О нашей работе в области ударничества 15 страница



Я, например, пошел в Малый театр, на спектакль «Отелло»[dxlvi]. Все рассказывали, что это замечательный спектакль, кричали: вот это настоящий спектакль, — вроде того, что наступила новая эра, все найдено. Шекспир есть, и все прочее есть, и Отелло есть, и все великолепно. Это те самые нормы, про которые я говорил. Я пришел и увидел, что, во-первых, ничего нет от Шекспира. Я помню, что-то «вякал» Радлов в интервью, что он ставит не драму ревности, а драму любви, но не драма ревности, не драма любви интересовала Шекспира. Шекспира интересовала интрига, которую плетут люди и под колесом машины которой гибнут и Дездемона, и Отелло, и еще кто-нибудь может погибнуть. Вот, товарищи, в чем дело. Если это так, а это так, то прежде всего главное действующее лицо в пьесе — Яго, а не Отелло, несмотря на то, что названа пьеса «Отелло». Шекспиру ведь страшно жалко Отелло, ему жалко отдать заглавие этому мерзавцу Яго — ему нужно было назвать пьесу «Отелло». Странно было бы, если бы Грибоедов вместо «Горе уму» назвал бы пьесу «Фамусов», или «Загорецкий», но не «Чацкий». Но ведь не Чацкий главное действующее лицо в этой пьесе. Главное здесь — борьба, конфликт между двумя мировоззрениями, между двумя направлениями, в этом вся сила, и если это в пьесе не выявляется, ничего не получится. Это относится не только к содержанию, но и к форме. Получилось так, как Шекспира когда-то издавали Брокгауз и Ефрон. Там были такие картинки, от которых всегда меня тошнило, да и не только меня, а любого затошнит, потому что самые плохие рисунки выбраны, без всякого толка, разных школ. Мне представляется, что режиссеры вроде Радлова берут Брокгауза и Ефрона и выбирают лесенки, площадки, девицы к окнам подходят, цветы какие-то странные растут у окон, — и получается величайшее безвкусие, потому что мы дошли уже до того периода в нашем театральном искусстве, когда мы на вещи смотрим глазами художников каких-то, которых мы мобилизуем для того, чтобы они помогли нам смотреть на вещи.

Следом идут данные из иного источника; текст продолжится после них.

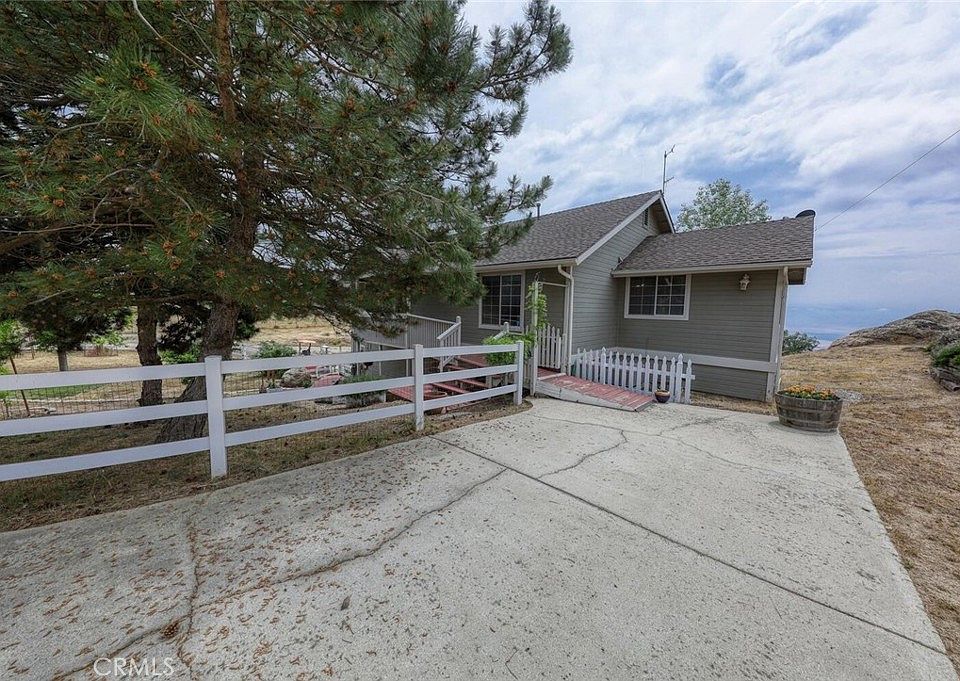 1st image of 29950 Horsethief Dr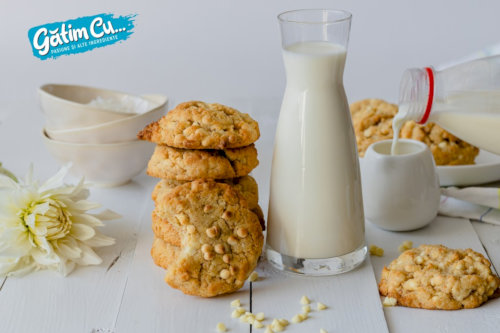 Cookies with white chocolate and coconut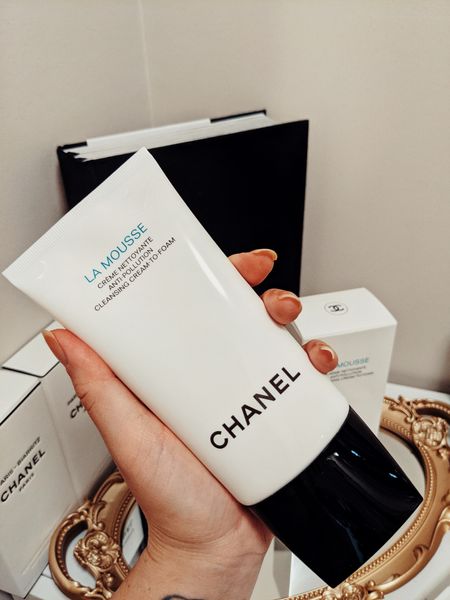 Favourite cleanser, shrinks pores, cleans well(you feel that squeaky clean feeling) but doesnt dry out your skin
#ltkskin #ltkbeauty #chanelbeauty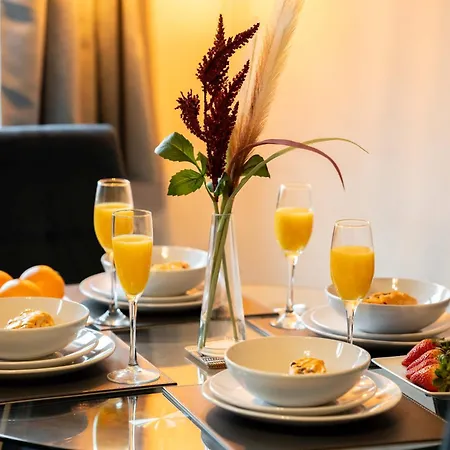 Perfect For Family & Corporate Stays In Ls1 - Free Parking! - Contact Us For Better Offers! *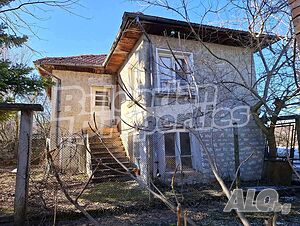 Къща с плевня и ограден двор на 15 минути от Севлиево
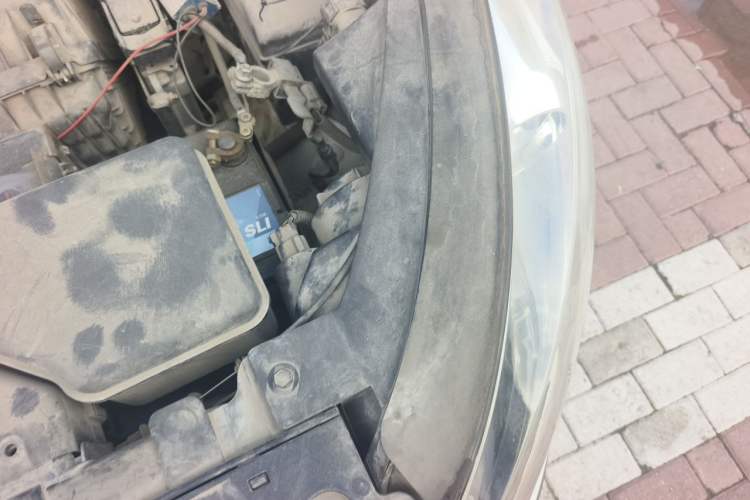 Used Kia Sportage R 2014 2.0L Automatic Two-Wheel Drive GLS Trim Engine Bay Left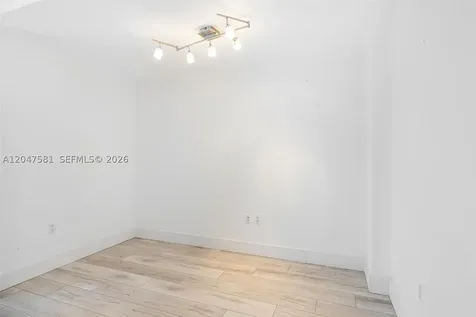 350 S Miami Avenue Miami FL 33130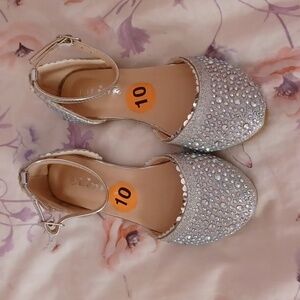 Girls sparkly silver shoes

Так, в «Даме с камелиями» могли бы мы только по одним журналам того времени отыскать стиль нашей постановки? Конечно, нет. Нам нужно было взять в консультанты Мане и Ренуара, то есть больших мастеров той эпохи, и тогда только мы сумели журналы мод смотреть по-настоящему, давать свет, цвет, расположение фигур, все убранство сцены. А в «Отелло» они должны нас {342} хотя бы на минутку посадить в Венецию, а ведь там было все, кроме Венеции. Это же нельзя. Недаром Шекспир взял эту вещь именно в условиях Венеции, недаром площадь святого Марка мыслил, недаром дожа там показывал. Недаром заставляет Кассио прибыть на совещание в гондоле. Это и есть прелесть, это и дает очарование мавру. Этот мавр на фоне гондол, на фоне каналов, на фоне архитектуры Венеции. Это основное. Тут нужно было посмотреть художников того времени, от XV – XVI веков вплоть до Лонги, для того чтобы понять, как выразить эту интереснейшую пьесу с интереснейшей борьбой. Все это что? — Это призыв к вкусу.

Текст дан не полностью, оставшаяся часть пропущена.